Since picking up skiing last year, I’ve taken some interest in how chairlifts and gondolas work. (For anyone else interested, sites like LiftBlog and Skilifts.org detail lift installation history, specifications and other technical details on lift operations).
According to various news reports, early yesterday morning around 4-5am, staff at the Sea to Sky Gondola heard a loud bang and later discovered the deropement of the system with the haul rope snapped and many cabins fallen to the ground.
Although the Sea to Sky Gondola isn’t a ski hill and I haven’t personally ridden on this gondola, this particular incident hits home because the same type of Doppelmayr gondola system is also used at Whistler Blackcomb where I have skied (and plenty of other ski resorts around the world). So I went out in the afternoon to check out the aftermath, as a catastrophic failure of a gondola haul rope is very rare.

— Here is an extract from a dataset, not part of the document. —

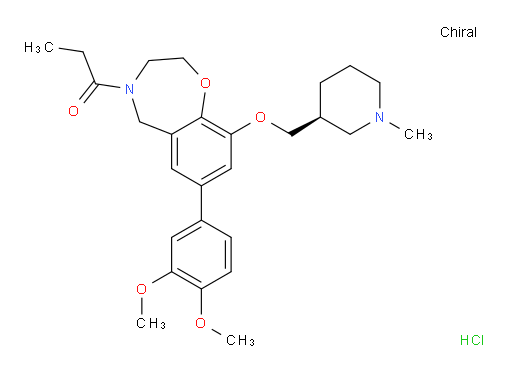 1-Propanone, 1-[7-(3,4-dimethoxyphenyl)-2,3-dihydro-9-[[(3S)-1-methyl-3-piperidinyl]methoxy]-1,4-benzoxazepin-4(5H)-yl]-, hydrochloride (1:1) (ACI)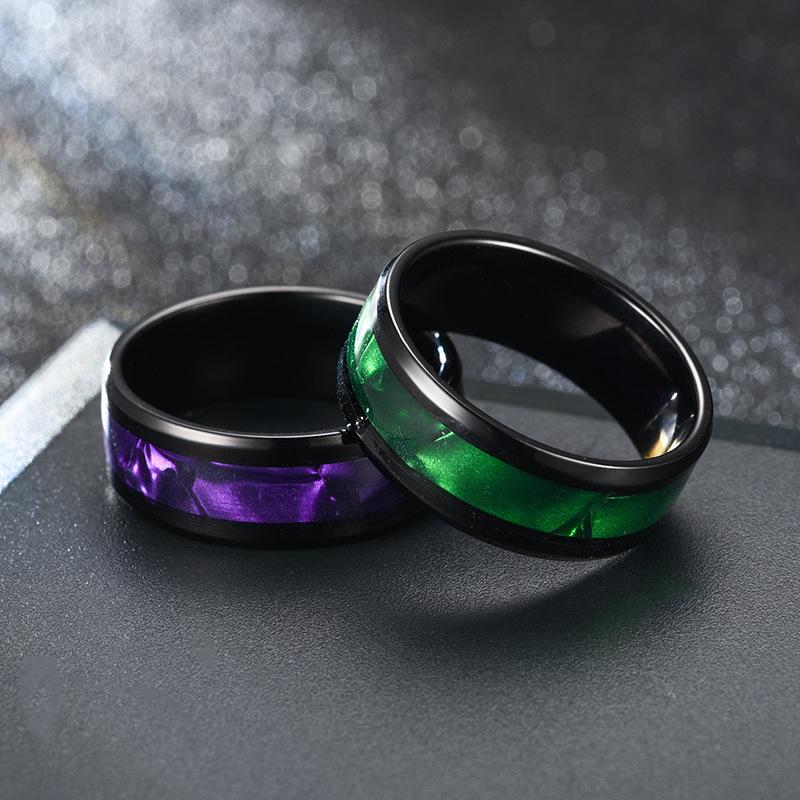 Elegant Stainless Steel Black Shell Ring Colorful Purple for Women Men Jewelry Adjustable Size 6-13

The preliminary investigation by the RCMP suggests that the cable was cut, a deliberate act of vandalism. The RCMP along with Technical Safety BC (the independent organization responsible for overseeing safe installation and operation of systems like these gondolas), and Doppelmayr (the manufacturer) are still continuing to investigate.
Regardless of whether or not this was result of a deliberate act, it is very lucky that the failure occurred in the middle of the night when no passengers or staff were on or around the gondola. In normal operation, the gondola can carry up to 8 passengers on each of the 30 cabins, totalling 240 passengers on the line at a time. If the incident happened during open hours, it would likely have resulted in many casualties, especially with the height of the cliff near the base.
It’s quite a reminder that when we ride these lifts for skiing or for tourism, we entrust our safety to the integrity of one haul rope, several centimetres in diameter.